Tightly-coupled applications for which jobs must communicate between each other during execution are typically best served by clustered High Performance Computing (HPC). Applications with many independent job streams, on the other hand, are better suited to distributed High Throughput Computing (HTC). But there are still other kinds of applications.

Over the past half decade we’ve examined many applications from astrophysics, bioinformatics, data mining and other fields, and have found that high-performance computations comprising multiple distinct activities and coupled via file system operations (as opposed to the standard message passing interface commonly found in HPC) don’t fit nicely in either category. To address this, we’ve defined the concept of “Many Task Computing”.  We believe that it bridges a gap between these two dominant computing paradigms and opens up opportunities to apply HPC systems in new ways for increasingly complex applications that were simply intractable just a few years ago.

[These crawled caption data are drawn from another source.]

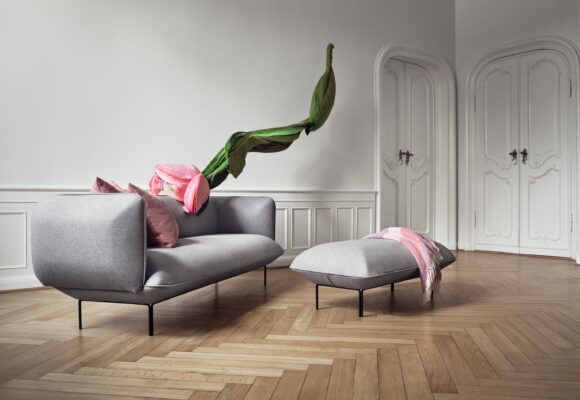fusion rent - SLO217X - Loungesofa CLOUD - mood (5)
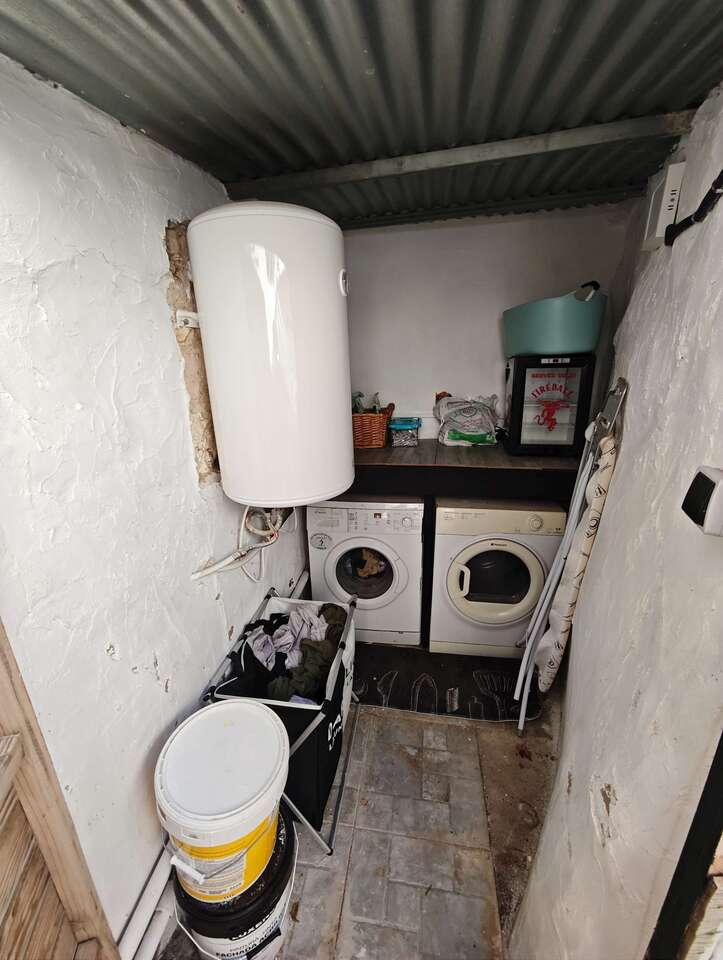 3 Bed, 2 Bath, HouseFor Sale, Pinoso, Alicante 3 Bed, 2 Bath, HouseFor Sale, Pinoso, Alicante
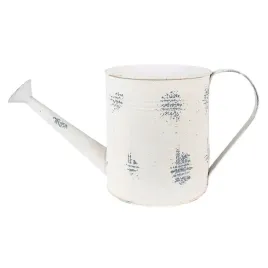 oslonka-20-x-44-cm-metal-bezowy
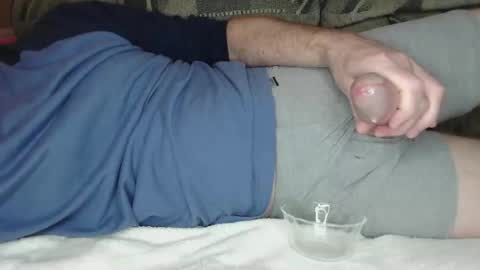 drippyjt online show from 01/07/26, 01:46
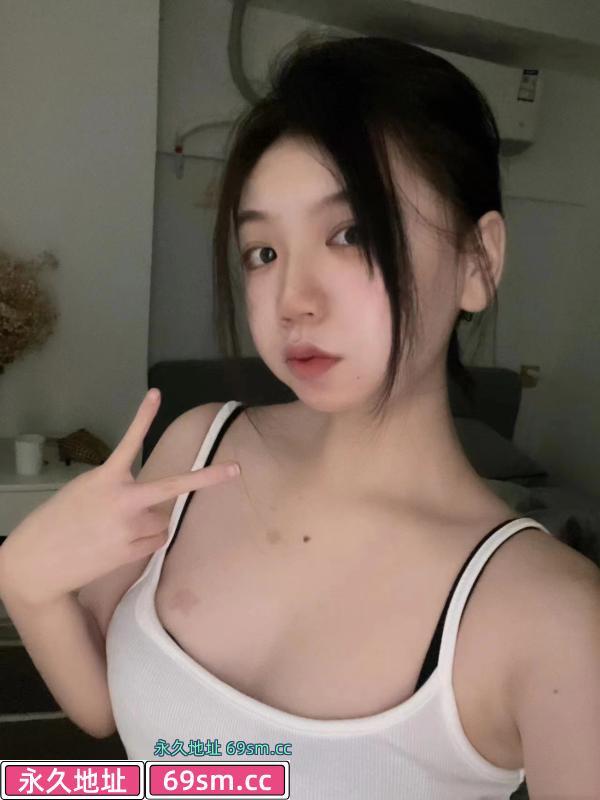 人美活好小姐姐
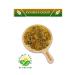 BY ORGANIC Calendula Flower Tea 1 Kg (Orange Narcissus) (New Crop Naturally Dried) - Buy Online on GoSupps.com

Millions to billions of tasks

Many Task Computing (MTC) involves applications with tasks that may be small or large, single or multiprocessor, compute-intensive or data-intensive. The set of tasks may be static or dynamic, homogeneous or heterogeneous, and loosely- or tightly-coupled. Applications may span millions to billions of tasks, entail tens of thousands of processor years, incorporate a degree of parallelism able to occupy the largest supercomputers at hundreds of thousands of processors, and operate on terabyte- to petabyte-size datasets.

Resource-, communication- and data-intensive applications

MTC differs from HTC in the timescale of task completion, and the often data-intensive nature of applications. It emphasizes the use of many resources over short periods of time to accomplish many computational tasks, both dependent and independent, with primary metrics measured in seconds (e.g., FLOPS, tasks/sec, megabytes/s, I/O rates), rather than operations (e.g., jobs per month).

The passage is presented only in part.